In this exercise, print only the lines from the line with "Borsa Louis Vuitton" to the last line of the data below, inclusive. Any pictures should be left out.

::: MATERIAL SUPPLIED :::

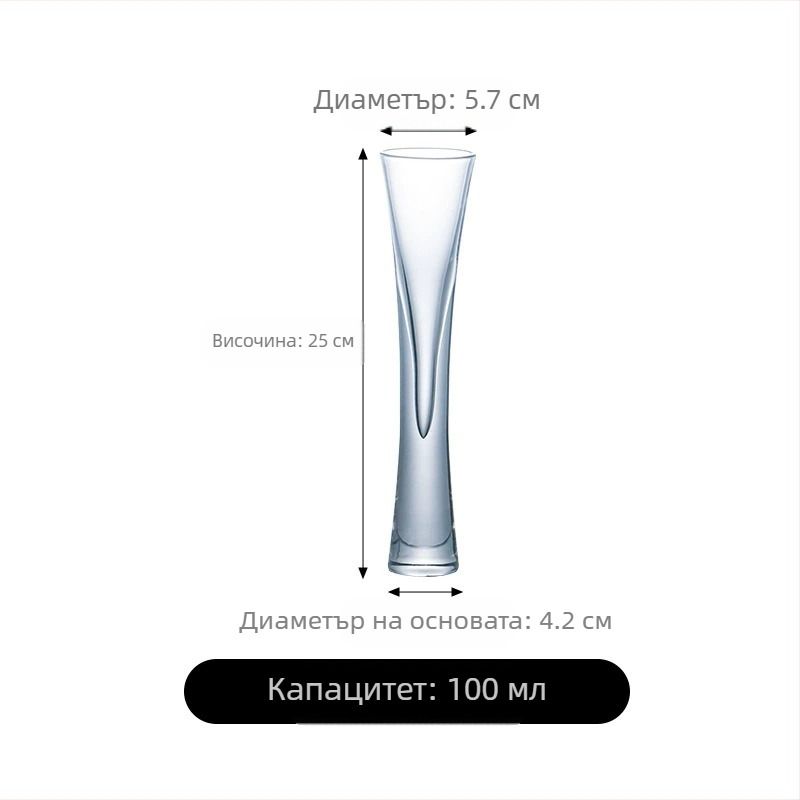 Лека луксозна кристална чаша за шампанско с малка талия, чаша за сладко вино, банкетен комплект за вино, дамска бар чаша за сок, чаша за вино, изложбена зала, чаша за вино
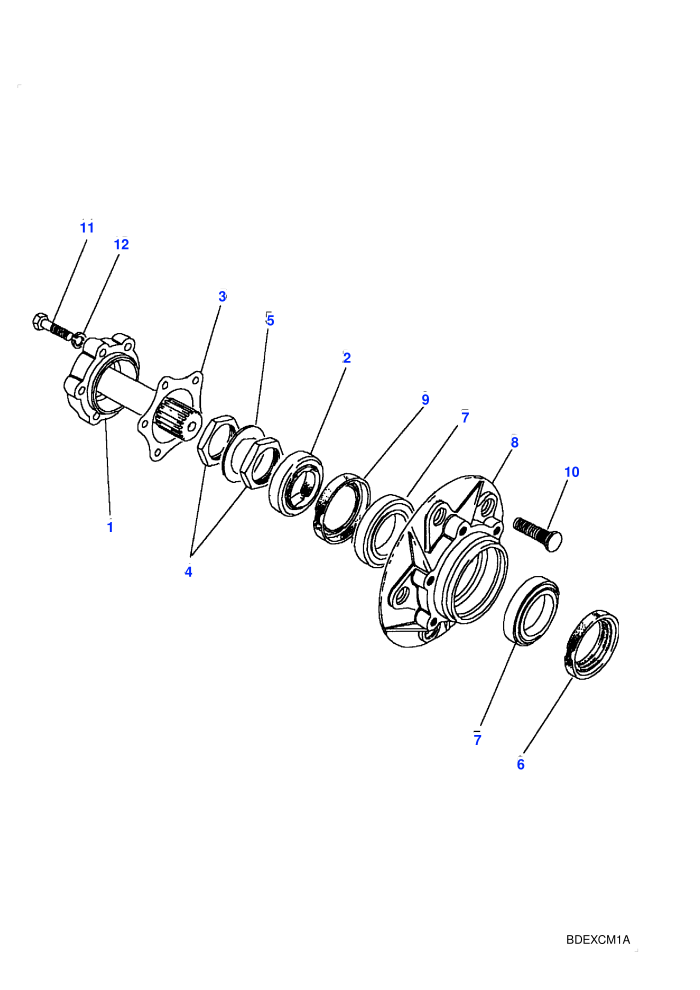 Front Hubs (Less Anti-Lock Braking System)((V)TOJA624516)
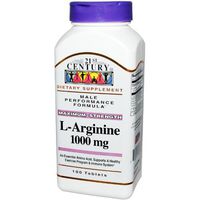 21st Century L-Arginine 1000mg, Maximum Strength 100 tablets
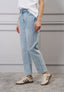 Jeans dritto vita alta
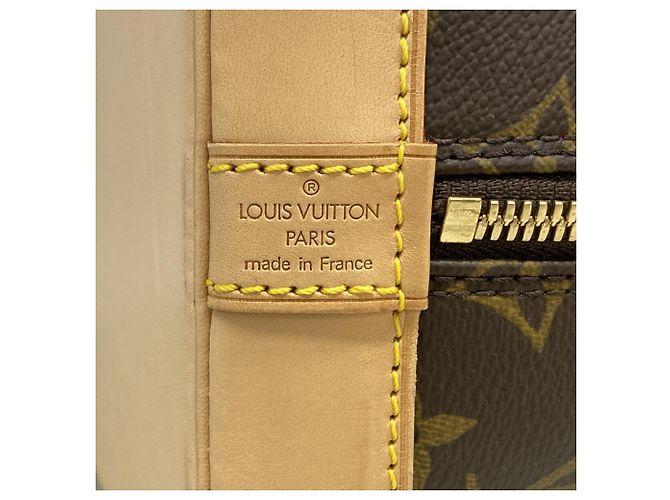 Borsa Louis Vuitton Alma Monogram Marrone - vista 5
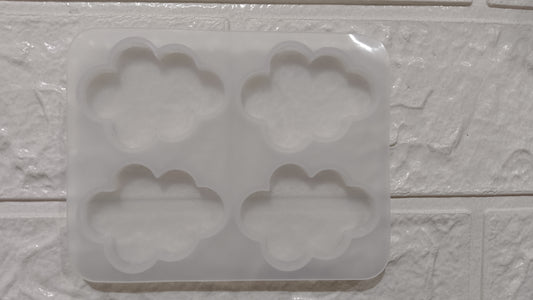 4cavity cloud shape keychain mold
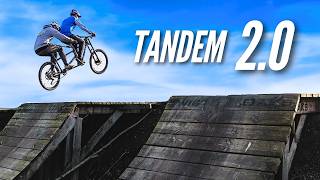 UNLOCKING BIG JUMPS ON THE TANDEM!! Tandem Twins 2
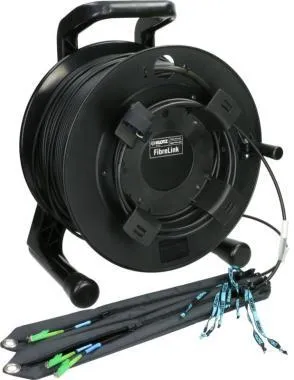 Klotz 2x E2000/APC - 2x E2000/APC breakout kábeldob FiberLink - single-mode OS2 - 200m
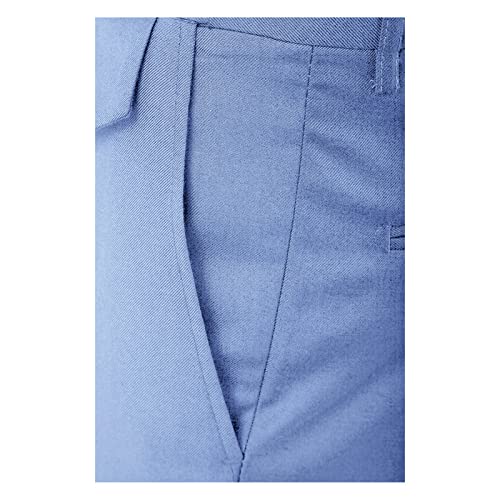 Men's Dress Pants Trousers Slim Fit Flat Front Slacks Solid Pants Classic Dress Business Wedding Suit Pants4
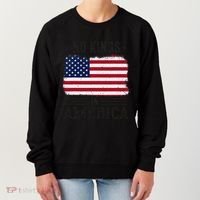 No Kings In America Flag Protest Save Democracy Women's Sweatshirt thumb 0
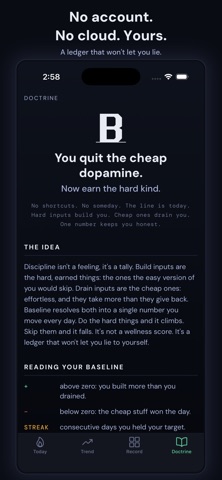 Baseline: Discipline Tracker screenshot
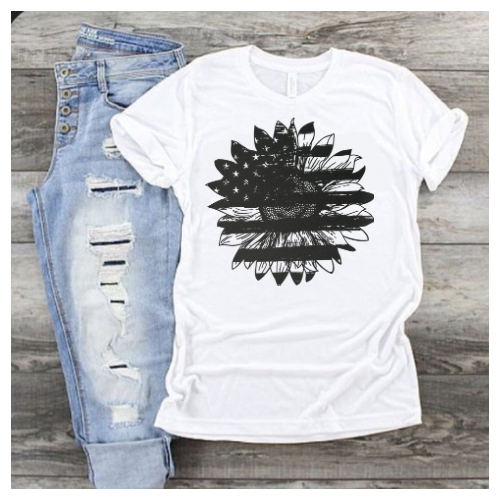 Patriotic Sunflower
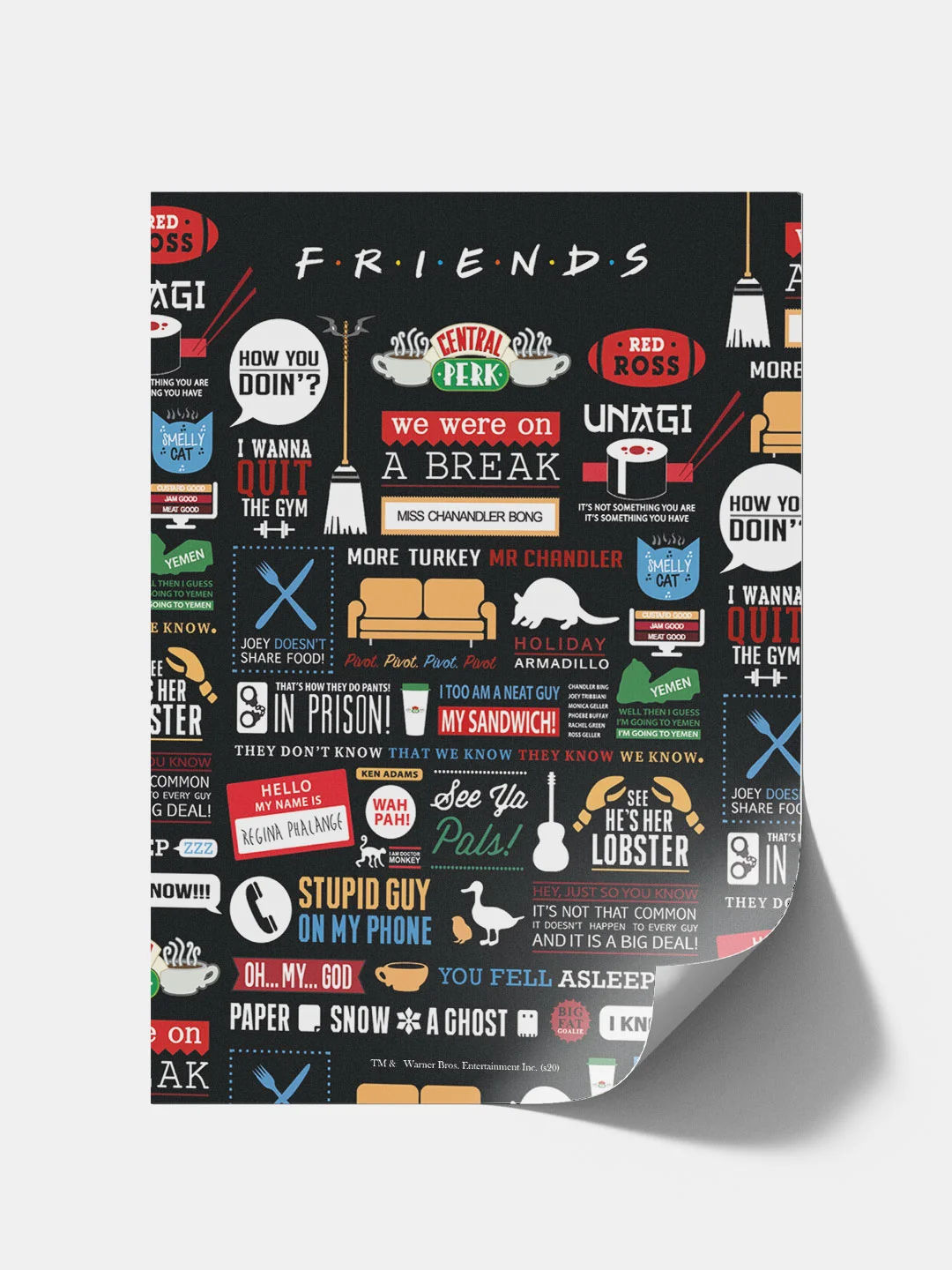 Buy Friends Infographic - Posters Posters Online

:::

**TASK RESPONSE**
 Borsa Louis Vuitton Alma Monogram Marrone - vista 5
 4cavity cloud shape keychain mold
 UNLOCKING BIG JUMPS ON THE TANDEM!! Tandem Twins 2
 Klotz 2x E2000/APC - 2x E2000/APC breakout kábeldob FiberLink - single-mode OS2 - 200m
 Men's Dress Pants Trousers Slim Fit Flat Front Slacks Solid Pants Classic Dress Business Wedding Suit Pants4
 No Kings In America Flag Protest Save Democracy Women's Sweatshirt thumb 0
 Baseline: Discipline Tracker screenshot
 Patriotic Sunflower
 Buy Friends Infographic - Posters Posters Online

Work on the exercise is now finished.